Tuesday, November 7, 2017

What Are Your Atlanta Mayoral Candidates Reading?

If you live in the City of Atlanta, today is a big day!  You will choose your next Atlanta Mayor (or at least narrow down the pool of candidates) and we know that you put a lot of effort into researching the best choice for you and your families.

But have you thought about what books your candidates keep on their nightstands?  We have!  And in a last minute effort to help you make the most informed choice possible, we have compiled that list for your hear today.  We also asked our candidates to share the title of the book they were reading and why they might recommend this book and their thoughts about why the library is important to them.  
We hope you'll enjoy the list as much as we enjoyed collecting it.  As of press time (7 am on election day) these are the candidates that responded, in order by the Dewey Decimal code of each of their favorite books, of course.

Kwanza Hall
Last Book Read: 
Regarding books I’m reading: the Bible, The Legend of the Black Mecca: Politics and Class in the Making of Modern Atlanta and of course my internal polling because that’s a nonfiction epic in and of itself.
(interesting side note: The Bible has a Dewey call number.  it is a 220 number and includes all versions of the Bible and even the Bible as read by James Earl Jones!) 

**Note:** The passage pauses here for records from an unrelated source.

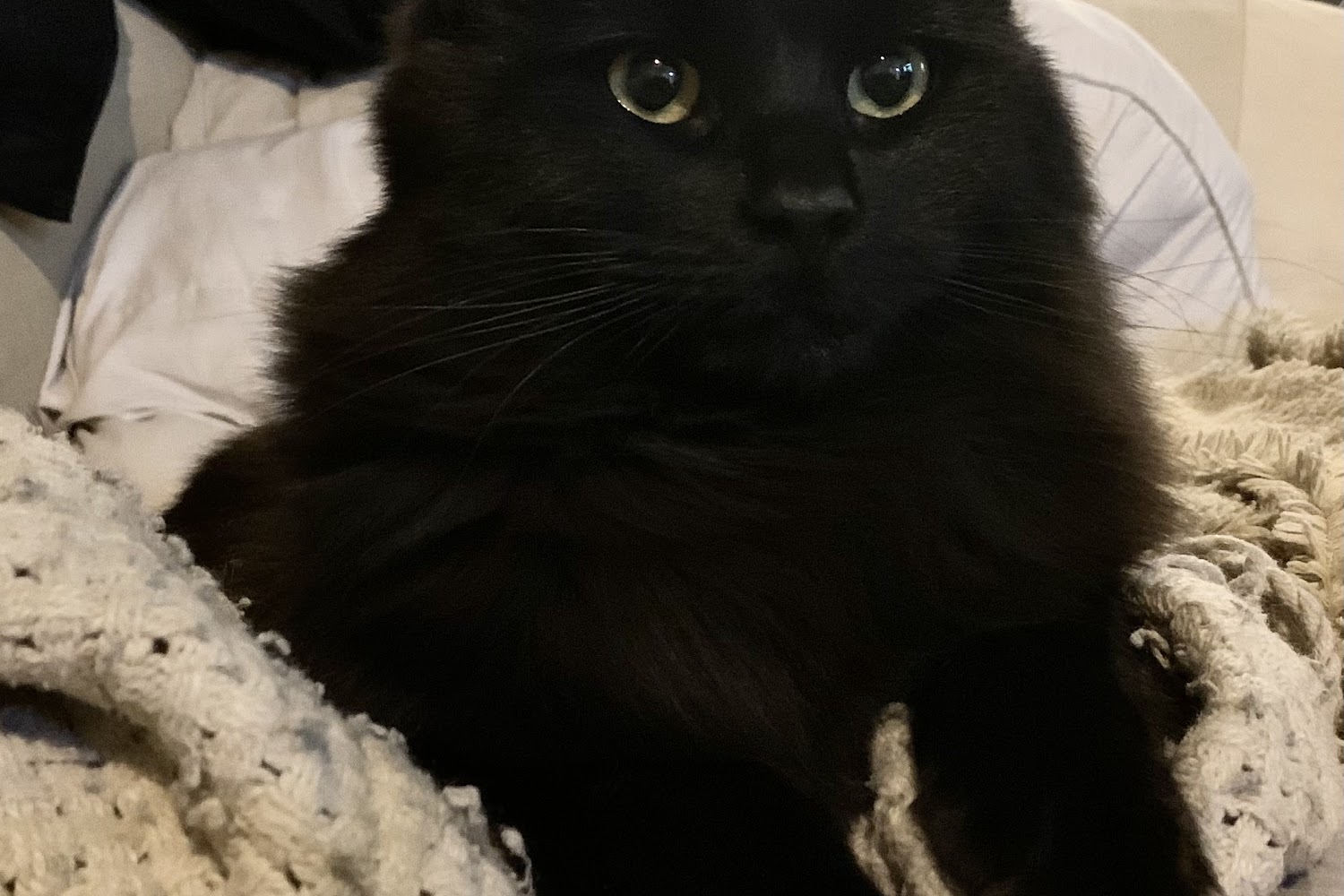 Animal Shelter in Pahrump, NV The County Office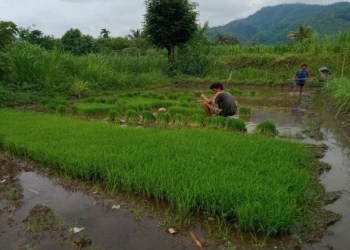 Belajar di Rumah, Belajar Menanam Padi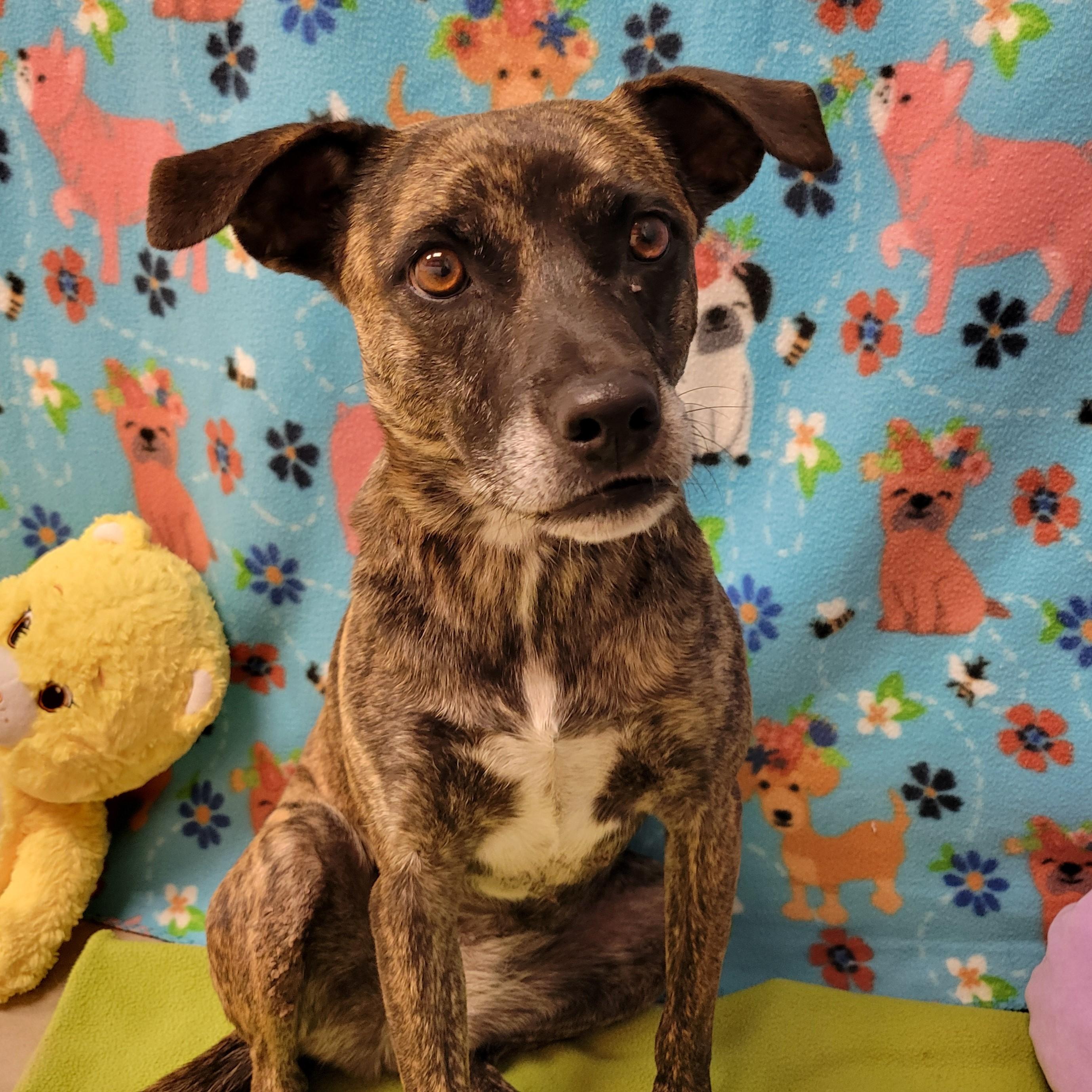 Enlarge Perdi, a ADOPTABLE mixed breed in ALPINE, TX image 3/5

Why are libraries important?
Libraries were a safe haven for me as a child. I would spend most of my afternoons and weekends at the Adams Park, Greenbriar, Downtown and other libraries. Libraries are critical to the communities they serve, especially for people that may not have access to the internet. I am committed to Atlanta Public Libraries and want to re-engage the community to make the library a place for people of all ages to congregate and learn together in the library of the future.

John Eaves:
Last book read: 
The Color of Law by Richard Rothstein (305.8009)

Why I loved this book: 
The Color of Law provides an in-depth analysis of how federal, state, and locals laws adopted in the early 20th century led to segregated neighborhoods in many cities across America - the effects of which are overtly apparent today. Atlanta is not exempt from this analysis. For example, the book explains how: 1) zoning ordinances and school placement policies in Atlanta have resulted in segregated schools and neighborhoods; 2) how federal lending laws prevent minority groups from obtaining loans and integrating certain communities; and 3) it further explains how such laws impacted the current wealth and racial demography of every urban city in the US.

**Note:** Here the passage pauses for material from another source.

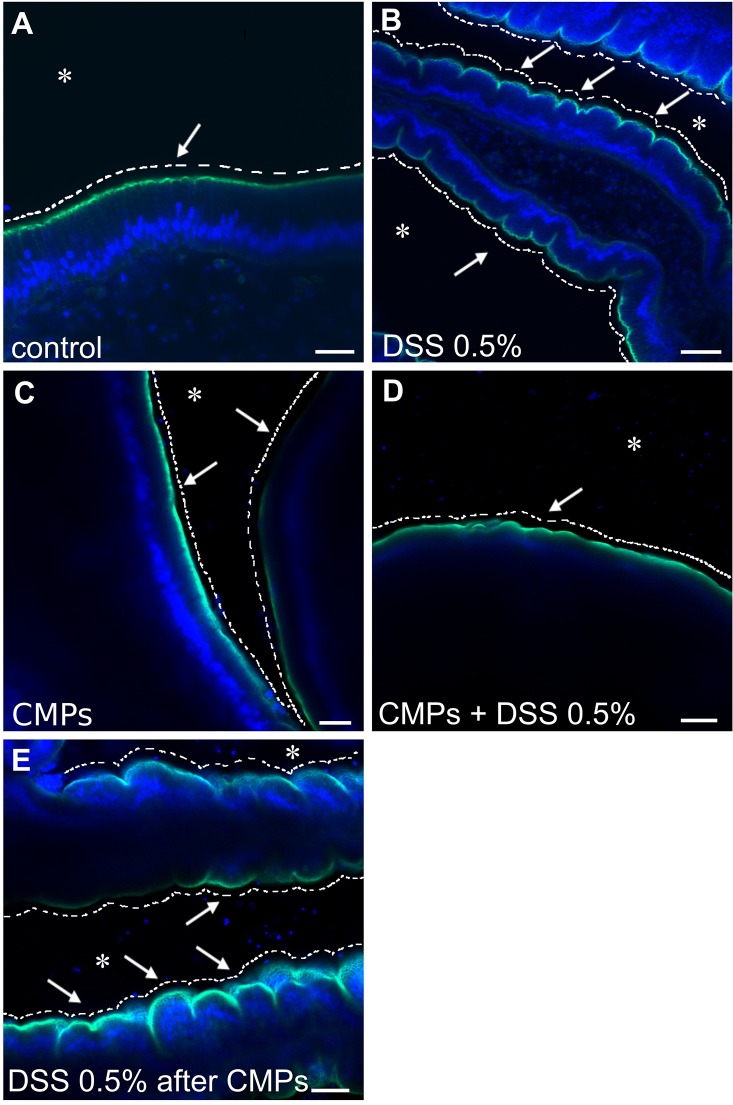 Fig. 8.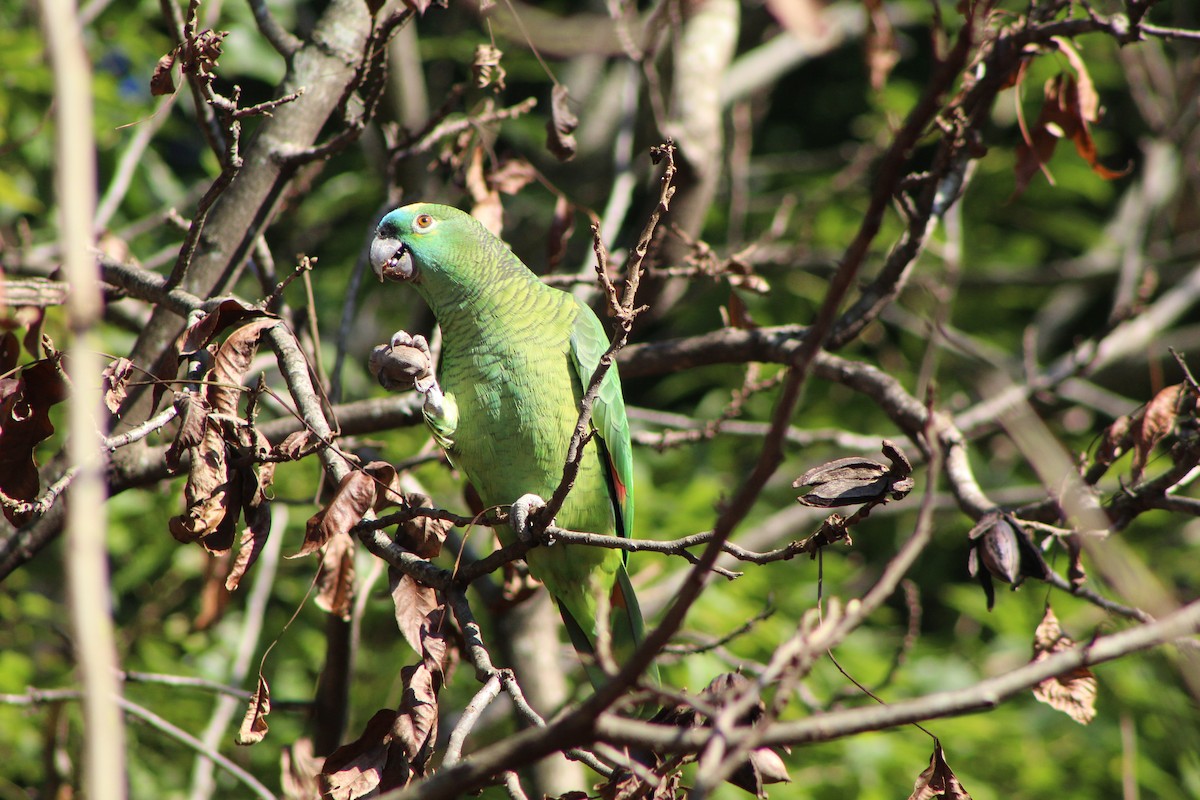 Turquoise-fronted Parrot - ML356491021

I recommend Rothstein's book to anyone who wants to understand the historical drivers of affordability, residential property values, gentrification, transient resident patterns, and racial divides across our great city. Atlanta has a tremendous opportunity for growth and needs a leader that comprehensively understands why targeted neighborhood revitalization is morally and fiscally critical to move forward. While Rothstein's book explains how Atlanta has become a segregated city, I am committed as Atlanta's next mayor to reverse the trend and move our city forward.

Cathy Woolard:
Last book read: 
Woolard offered us a photo of her actual nightstand and shared "I'm not reading as much consistently as I usually do.  I have loved reading since I was a kid!"  Here are the titles of Candidate Woolard's books, in order as they appear in the photo below: 

Obedient Father (FICTION: SHARMA) 
Where We Want to Live (307.1216)
For the Love of Cities (307.76)
The Color of Law (305.8009)
America's Moment (303.4833)
City on the Verge (307.3416)
Atlas Obscura (910.41)
The Organized Mind (153.42)
Happy City: transforming our lives through urban design (307.1216)

Peter Aman
Last Book Read: 
I just finished reading City on the Verge (Dewey code: 307.3416) by Mark Pendergrast, which is an excellent book that I recommend to everyone. Pendergrast expertly captures the spirit of this moment in Atlanta. The city’s population is booming and we are developing at a clip. Yet displacement, neighborhood integrity, and poverty worsen by the day. We are on the verge of something as a city. With the right leadership, I’m confident that something could be achieving our greatest aspirations.

Why are Libraries important? 
An informed electorate is the basis for a sound government. That starts with available access to books and learning. A strong library system helps people young and old spark their learning and ignite their communities.

Caesar Mitchell
Last book read:
Goodnight Moon, by Margaret Wise; illustrations by Clement Hurd 
Little Professor Sky: Favorite Things, by Munson Steed 
(Children's/Juvenile books do not have dewey codes, but kudos on reading to the little ones!)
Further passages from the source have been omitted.